3.1 Real data analysis

   To show that our model facilitates downstream analysis, iPoLNG is
   applied to several single-cell multiomics datasets, including one
   dataset generated from SHARE-seq, which measures gene expression and
   chromatin accessibility in the same single cells from a mouse brain,
   one dataset generated from Paired-Tag, which jointly profiles H3K27me3
   histone modification and transcriptome in the same single cells from a
   mouse brain, and two cryopreserved human peripheral blood mononuclear
   (PBMC) datasets generated from 10X Genomics Single Cell Multiome ATAC +
   Gene Expression Sequencing.

   For these datasets, we first filter out the low-quality cells that
   express in less than 500 genes in the gene expression data or in less
   than 200 regions in the epigenomic data. To select the informative
   features, we perform log-normalization with a scaling factor of 10,000
   and select the top 5,000 highly variable genes and top 20,000 highly
   variable regions with selection.method = ‘‘vst” using R package Seurat
   ([66]Stuart et al., 2019). The log normalizaion is merely used for
   selecting the highly variable features and the counts of the features
   are modeled by iPoLNG. Finally we take out the common cells in both
   data modalities as the input of the single cell multiomics data
   analysis.

3.1.1 iPoLNG achieves good clustering performance on datasets from different
technologies

   We evaluate the clustering performance of iPoLNG on these datasets and
   compare our method with several existing methods designed for
   single-cell multiomics data integration, including scAI ([67]Jin et
   al., 2020) and MOFA+ ([68]Argelaguet et al., 2018; [69]Argelaguet et
   al., 2020). scAI is implemented with the default parameters, and MOFA+
   is implemented with the default parameters and two algorithms:
   mean-field variational inference (VI) using CPU and stochastic
   variational inference (SVI) with GPU acceleration. iPoLNG accepts raw
   count data as the input, while scAI and MOFA + accept the
   log-normalized data as the input.
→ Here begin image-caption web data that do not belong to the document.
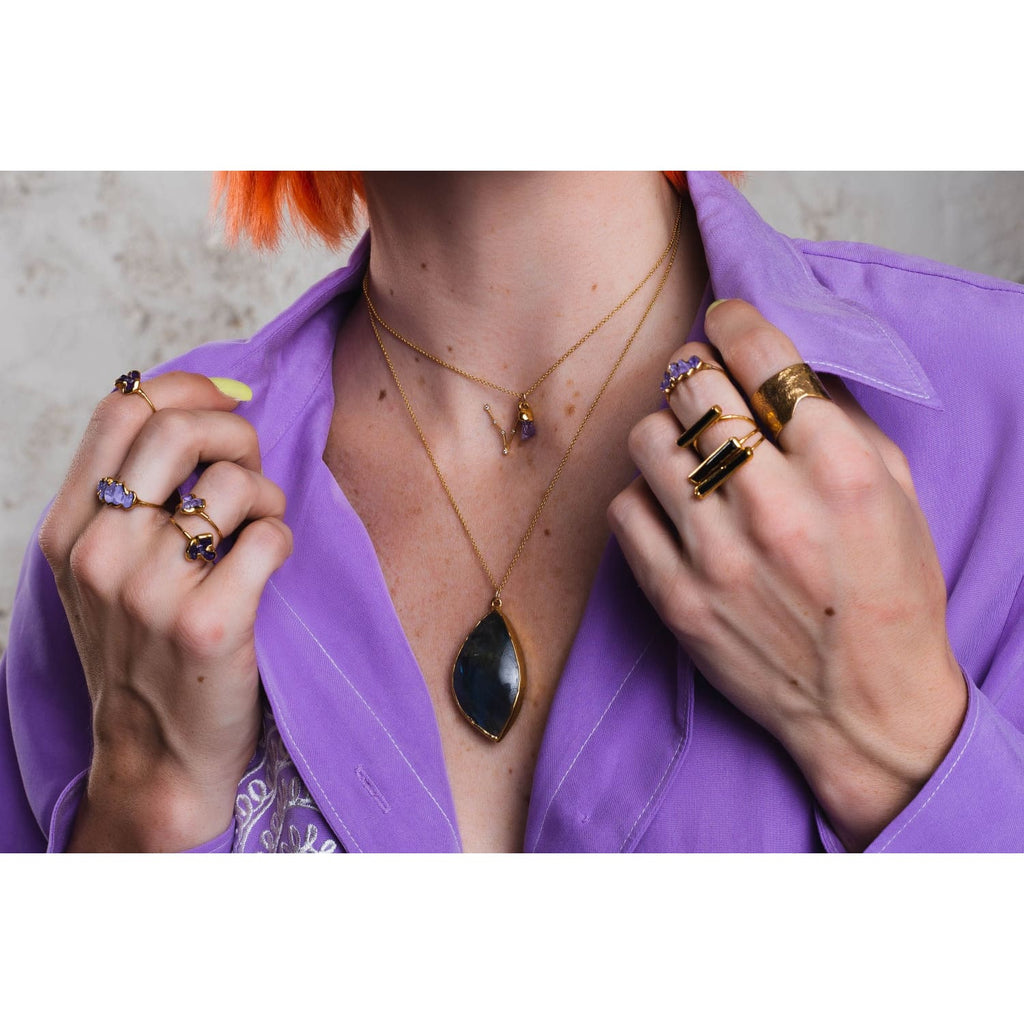 Raw Black Tourmaline Bar Ring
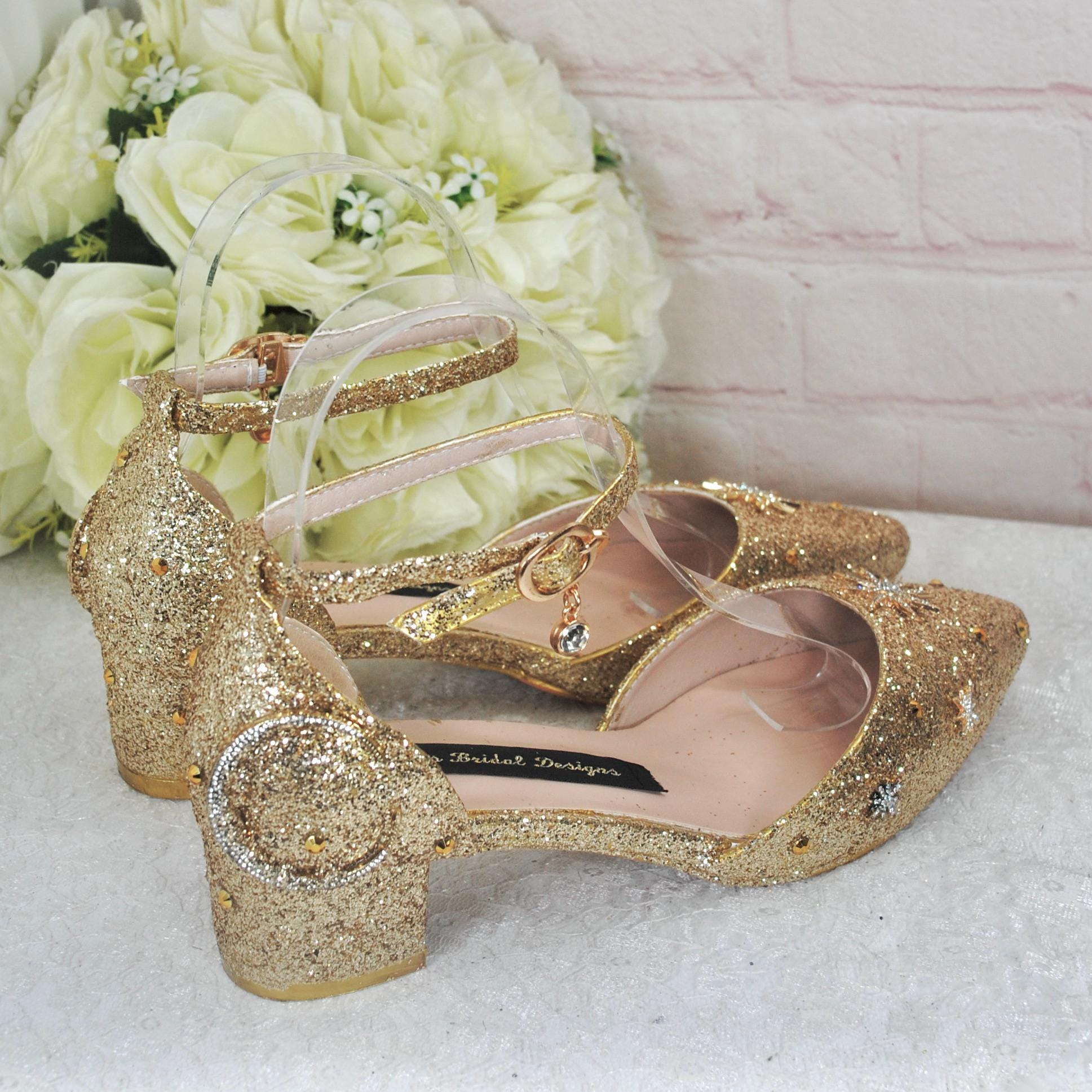 Champagne Gold Glitter Bridal Shoes: Celestial Star \u0026 Moon Block Heel Wedding Heels, image size:1937x1937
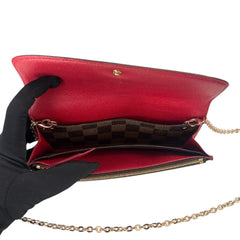 LOUIS VUITTON Damier Ebene/Red Emile Wallet with Chain Louis Vuitton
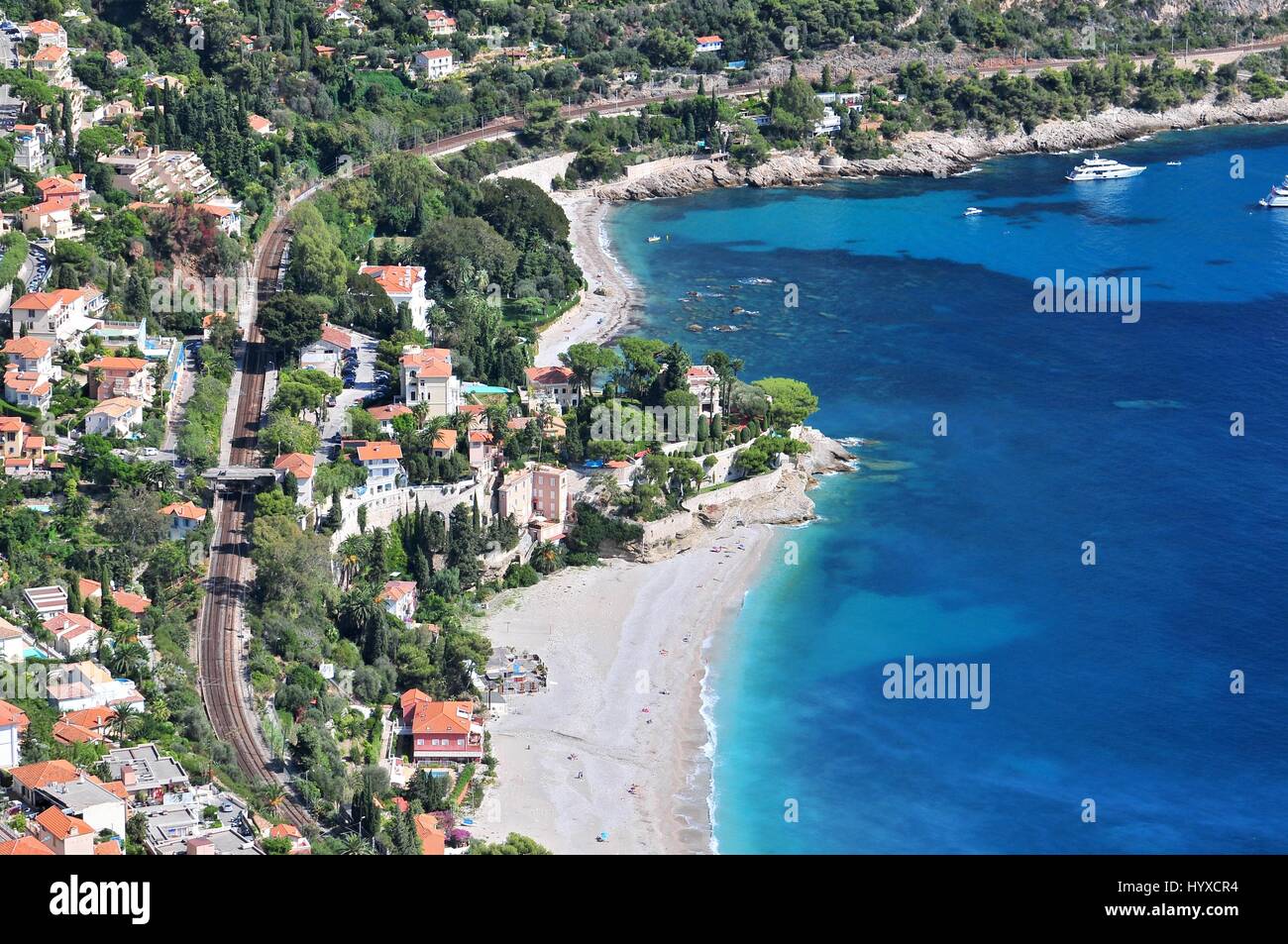 Roquebrune Cap Martin visto dal Mont Gros al di sopra di Monaco, Dipartimento delle Alpes Maritimes, Regione Provenza-Alpi-Costa Azzurra, Francia Foto Stock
All these three methods can infer a
   low-dimensional representation of the data with a user-defined number
   of latent factors. We set the number of latent factors K = 50. After
   obtaining the cell by factor loading matrix, we perform Leiden
   clustering algorithm ([70]Traag et al., 2019) with a binary search for
   the resolution parameter to cluster the data into the specific number
   of clusters. For datasets with given cell-type labels in the
   publications, the number of clusters is set as the number of the unique
   labels. The number of cluster is set as 8 for PBMC3k dataset and 19 for
   PBMC10k dataset.

   For datasets with given cell-type labels, Adjusted Rand Index (ARI)
   ([71]Hubert and Arabie, 1985) is computed to measure the accuracy of
   the clustering results. For PBMC datasets with unknown cell-type
   labels, Residual Average Gini Index (RAGI) score ([72]Chen et al.,
   2019a) is computed based on canonical marker genes and housekeeping
   genes (see [73]Supplementary Materials). A high RAGI score indicates a
   reasonable clustering result where the expression of marker genes is
   high in one or a few clusters, while the expression of housekeeping
   genes is broadly distributed across all the clusters. Considering the
   fact that the given cell-type labels in the original publications are
   also from some computational methods and can be wrong for some of the
   cells, we also compute the RAGI score. As Leiden clustering algorithm
   makes use of greedy search and leads to different clustering results
   with different initialization, we calculate the mean and standard error
   in 10 runs with different random seeds in the clustering step.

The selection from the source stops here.